Despite not being a top prospect, he has great measurables. Though only 6’9, his wingspan is about the same as the famously long-armed Draymond Green. Combined with a pretty impressive vertical, it allows him to function around the rim on both ends. Operating in a power forward’s body with a center’s arms gives him an extra step in the pick-and-roll on both offense and defense, giving him a better chance against guards and a quicker jump towards the rim.

He has better touch than any Raptors big with the exception of Chris Boucher, and he has thirty pounds on Boucher. So he’s got the physical profile of a good fit, but his IQ is where he shines.

Birch isn’t a basketball savant, smothering 2-on-1s like Draymond. But the Raptors don’t need a genius, they just need a guy with his physical profile and foot speed to be in the right place. Their scheme is famously difficult and demanding of centers. Joel Embiid has talked about how difficult their defense is to face.

Replacing Marc Gasol & Serge Ibaka has proved difficult. Baynes just wasn’t quick enough, and for all of Boucher’s talents at blocking the ball, it is just too easy for an offensive player to dig a shoulder (and sneak a push-off) into him and then step through for a layup.

The Benefits Of Good Players

Good players cause a domino effect. It’s very easy to see when a rotation player isn’t good, because coaches will scramble to fill the hole. The championship version of the Raptors very clearly had a hole to fill at fourth guard, because they scrambled in the minutes two of Kyle Lowry/Fred VanVleet/Norman Powell were on the bench. Almost every game involved praying Jodie Meeks didn’t give up run. Relying on Baynes and Boucher was causing those kinds of problems for the Raptors.

Near the halfway point of the season, OG Anunoby had guarded 5s for 15.6% of his defensive minutes. Siakam has played 19% of his minutes as a center despite never crossing 10% in any other season. Relying so much on guys who already play heavy minutes makes your margin for error very small, and the margins are where good teams steal advantages.
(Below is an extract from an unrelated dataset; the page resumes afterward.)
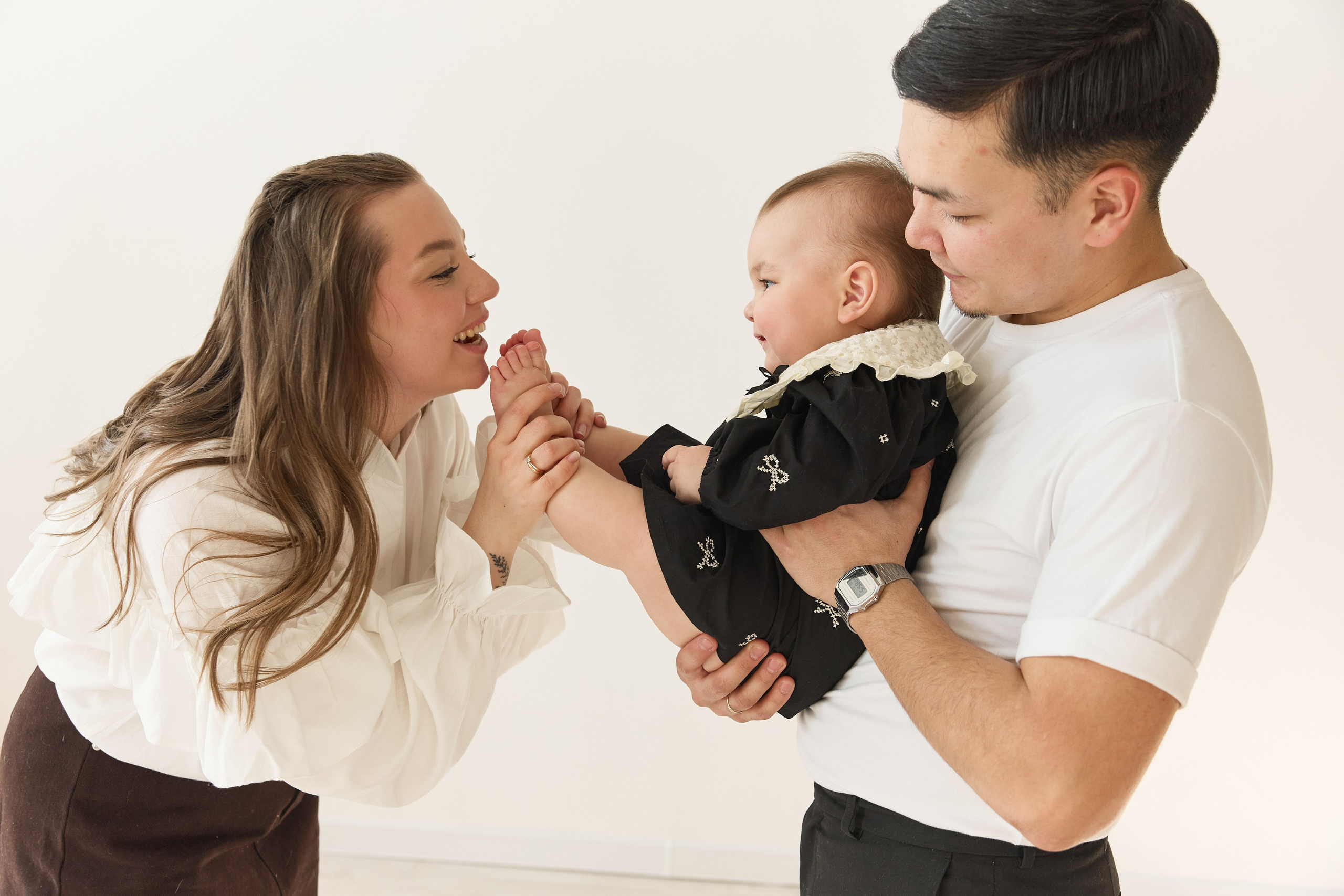 Эрика 1 годик. Kharchenkotatianaweddingphoto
A good example of this is Siakam. He plays 35 minutes a night, and they rely on him to steal a couple small-ball center minutes. But what happens when you’re facing a center too big for Boucher or too quick for Baynes, and they grab two quick fouls?

What happens then? Do you roll the dice on a third foul? Roll out a player to face a bad matchup and try to just live with it, sacrificing your scheme? Increase the minutes and size load on Siakam, already tasked with lead scoring duties and a ton of defensive responsibility?

Going Forward

The biggest impact of Birch going forward is taking those problems away. There are very few players who are going to dominate both Boucher and Baynes. You can throw one of them out there for five extra minutes when Birch gets in foul trouble and feel relatively comfortable.  There’s no athletic rollers left on the schedule who leave Baynes in the dust while pushing Boucher like a paperweight. The only one left is Andre Drummond, and his defense is bad enough to make any advantage relatively even.

The playoffs are still a tough goal for the Raptors, but they’re trending upwards with Birch on the team. It does look like they have a shot to sneak in. In every possibility when they get there, Birch can help out in a big way. Whether they’re facing Domantas Sabonis, Bam Adebayo, Robert Williams, P.J. Washington or former cast-off Alex Len, Birch will be an asset.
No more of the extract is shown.